▶ Exercise material
• • • •
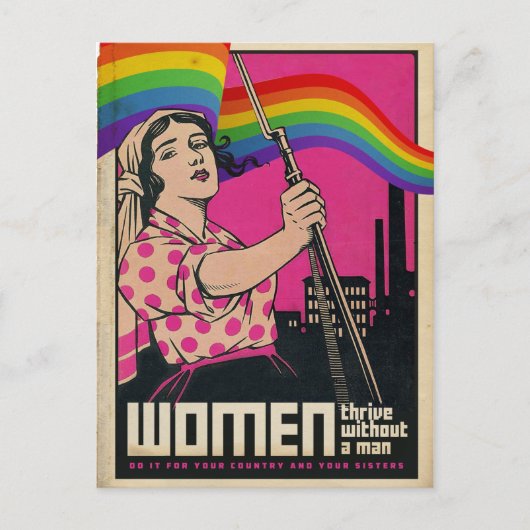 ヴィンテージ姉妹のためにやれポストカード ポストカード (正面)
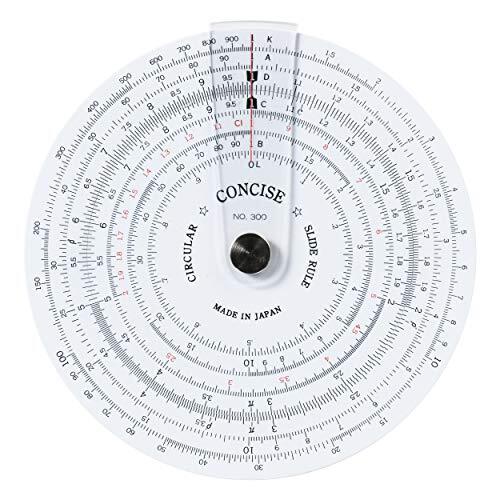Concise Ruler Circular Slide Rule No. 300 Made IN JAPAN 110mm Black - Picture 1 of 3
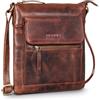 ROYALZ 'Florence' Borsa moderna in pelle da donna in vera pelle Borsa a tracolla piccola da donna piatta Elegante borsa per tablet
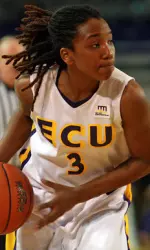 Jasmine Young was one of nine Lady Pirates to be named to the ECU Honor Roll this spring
• • • •
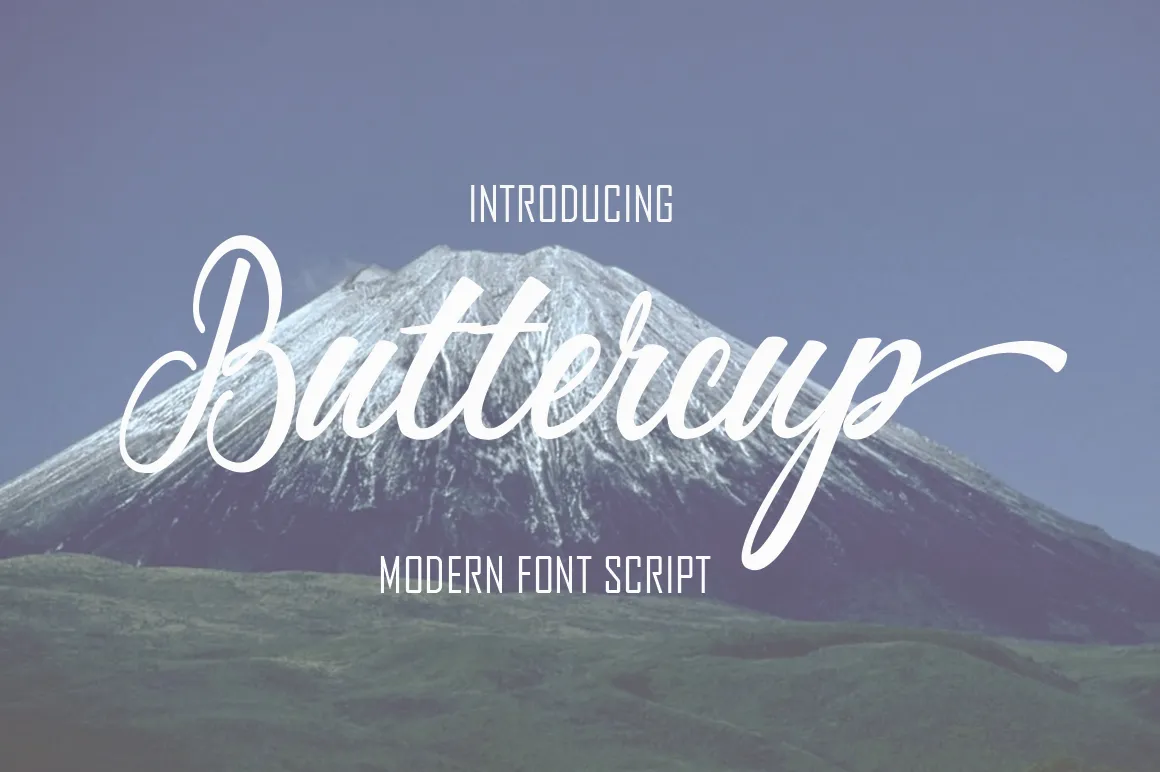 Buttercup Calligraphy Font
• • • •
▶ Exercise goal
Above are some records; extract exactly the lines from the one containing "ヴィンテージ姉妹のためにやれポストカード ポストカード (正面)" through the one containing "Jasmine Young was" and drop the pictures.

▶ Output below
 ヴィンテージ姉妹のためにやれポストカード ポストカード (正面)
Concise Ruler Circular Slide Rule No. 300 Made IN JAPAN 110mm Black - Picture 1 of 3
 ROYALZ 'Florence' Borsa moderna in pelle da donna in vera pelle Borsa a tracolla piccola da donna piatta Elegante borsa per tablet
 Jasmine Young was one of nine Lady Pirates to be named to the ECU Honor Roll this spring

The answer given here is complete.